| name | project-create-topology |
| description | Developer workflow for creating or updating Netdata topology producers and topology Function payloads using the production netdata.topology.v1 schema. Use when adding or migrating topology:network-connections, topology:streaming, topology:snmp, vSphere topology, correlation rules, graph presentation, drilldowns, direction semantics, telemetry overlays, or Cloud topology aggregation fixtures. |
| type | project |
Create Netdata Topologies
What This Skill Is
This is a developer skill for assistants working in this repository. It is not
an end-user/operator skill. Use it when changing topology producers, schema
fixtures, validation, topology developer documentation, or Cloud/frontend
handoff artifacts.
Required References
Read these before designing or changing topology payloads:
| File | Purpose |
|---|
src/plugins.d/FUNCTION_TOPOLOGY_SCHEMA.json | JSON Schema for production topology payloads |
src/plugins.d/FUNCTION_TOPOLOGY_DEVELOPER_GUIDE.md | Human-readable topology schema contract and producer guidance |
src/plugins.d/FUNCTION_TOPOLOGY_IMPLEMENTATION_SCOPE.md | Backend/frontend/aggregator migration scope |
.agents/sow/specs/topology-function-schema.md | Durable project spec for topology semantics |
.agents/sow/specs/topology-modes-correlation-aggregation.md | Mode, correlation, aggregation, and actor modal identification contract |
.agents/skills/project-writing-collectors/SKILL.md | Collector quality, Function, validation, and cardinality rules |
For transport-level Function behavior, also read:
src/plugins.d/FUNCTION_UI_REFERENCE.md
src/plugins.d/FUNCTION_UI_DEVELOPER_GUIDE.md
Developer How-Tos
The how-to catalog lives under how-tos/. These recipes are
developer-facing and must stay in this project skill, not under
docs/netdata-ai/skills/.
Core Rules
- Production payloads carry canonical topology facts for the aggregator and UI.

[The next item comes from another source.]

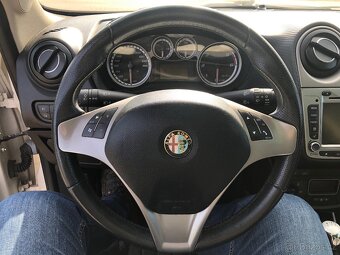 Alfa Romeo MiTo, 1.3JTD 70kW - 13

- Test-only projection code may reconstruct compatibility payload shapes to
prove parity.
- Never add compatibility reconstruction fields, old-schema adapter names, or
duplicated display strings to production payloads.
- Keep display composition in type-level and graph-level presentation metadata,
not in high-cardinality rows.
- Keep raw sensitive payload captures under
.local/ only.
Workflow
-
Define the topology purpose and scale target.
- Identify the graph users need: nodes, processes, containers, L2 devices,
vSphere inventory, streaming parents, or another domain.
- Estimate actor count, graph-link count, evidence-row count, and payload
size on realistic data.
-
Pick actors.
- Use stable identities.
- Keep display names separate from identity.
- Declare
identity, merge_identity, and parent_identity in actor types.
- Prepare aggregation scopes such as node, process name, PID, container,
Kubernetes workload, SNMP device/interface, or vSphere object.
-
Pick graph links.
- Graph links are renderable relationship groups.
- Keep graph links compact.
- Put one-to-many observation detail in evidence sections.
- Define direction semantics in link types.
- Use distinct semantic link types for ownership, local/resolved links,
correlation links, inferred links, and partial links when their meaning or
layout behavior differs.
-
Pick evidence rows.
- Evidence is the lossless relationship proof.
- For sockets, preserve the exact matching tuple.
- For SNMP/L2, preserve LLDP/CDP/FDB/ARP/STP facts according to role.
- For streaming, keep relationship facts separate from actor-owned path data.
- For vSphere, preserve inventory/relationship facts using stable object IDs.
-
Classify detail tables.
actor_detail: custom actor state, not generally aggregatable.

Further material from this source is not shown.